• **Exercise prompt**
In the listing below, print exactly the lines between the line holding "非洲裔年轻女性穿着运动鞋站在白色背景前图片下载" and the line holding "圖為西藏青少年在海邊拾貝殼。西藏航空 供圖", inclusive, and no more.

• **Listed records**
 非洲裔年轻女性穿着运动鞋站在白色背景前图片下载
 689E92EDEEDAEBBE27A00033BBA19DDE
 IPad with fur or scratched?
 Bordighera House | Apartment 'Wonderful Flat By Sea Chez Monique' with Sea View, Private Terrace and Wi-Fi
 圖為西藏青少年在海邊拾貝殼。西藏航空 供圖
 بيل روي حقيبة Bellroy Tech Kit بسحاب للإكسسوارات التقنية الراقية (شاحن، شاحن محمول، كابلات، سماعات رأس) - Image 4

...

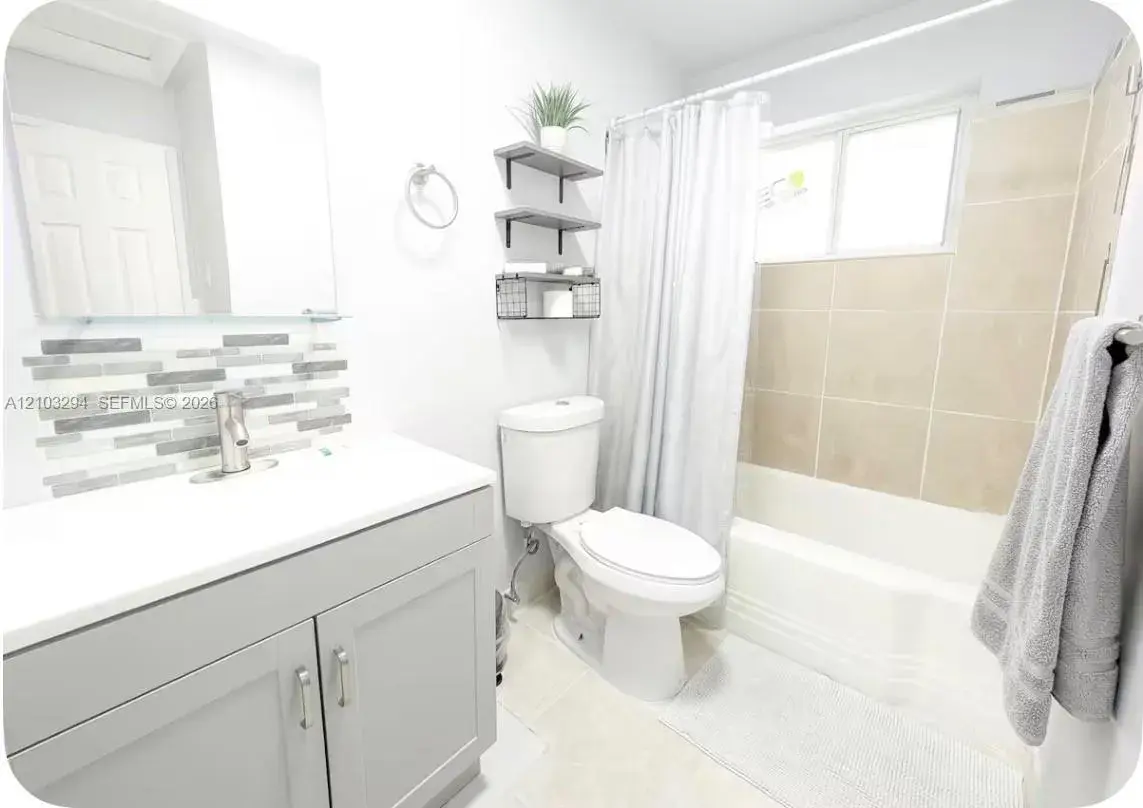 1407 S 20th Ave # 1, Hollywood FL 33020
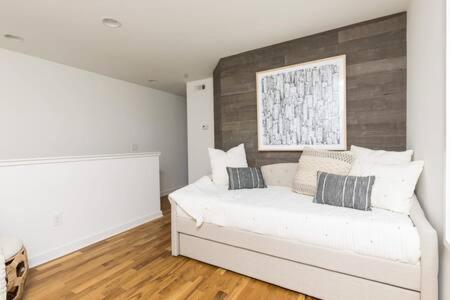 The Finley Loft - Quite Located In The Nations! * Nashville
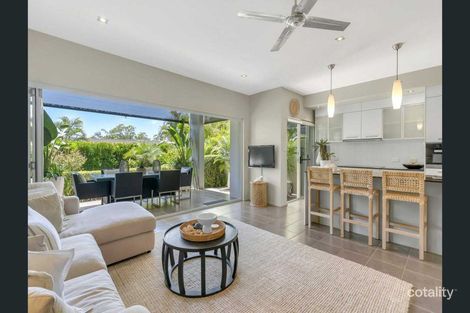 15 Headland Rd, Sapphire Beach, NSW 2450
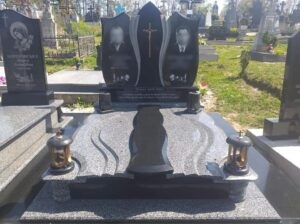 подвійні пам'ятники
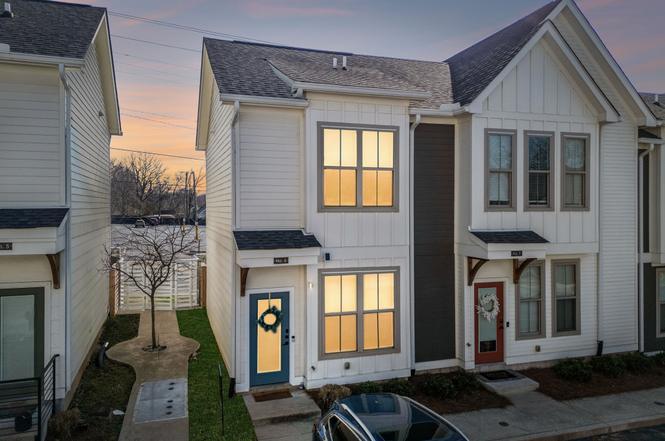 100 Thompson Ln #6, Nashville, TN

• **Response below**
 非洲裔年轻女性穿着运动鞋站在白色背景前图片下载
 689E92EDEEDAEBBE27A00033BBA19DDE
 IPad with fur or scratched?
 Bordighera House | Apartment 'Wonderful Flat By Sea Chez Monique' with Sea View, Private Terrace and Wi-Fi
 圖為西藏青少年在海邊拾貝殼。西藏航空 供圖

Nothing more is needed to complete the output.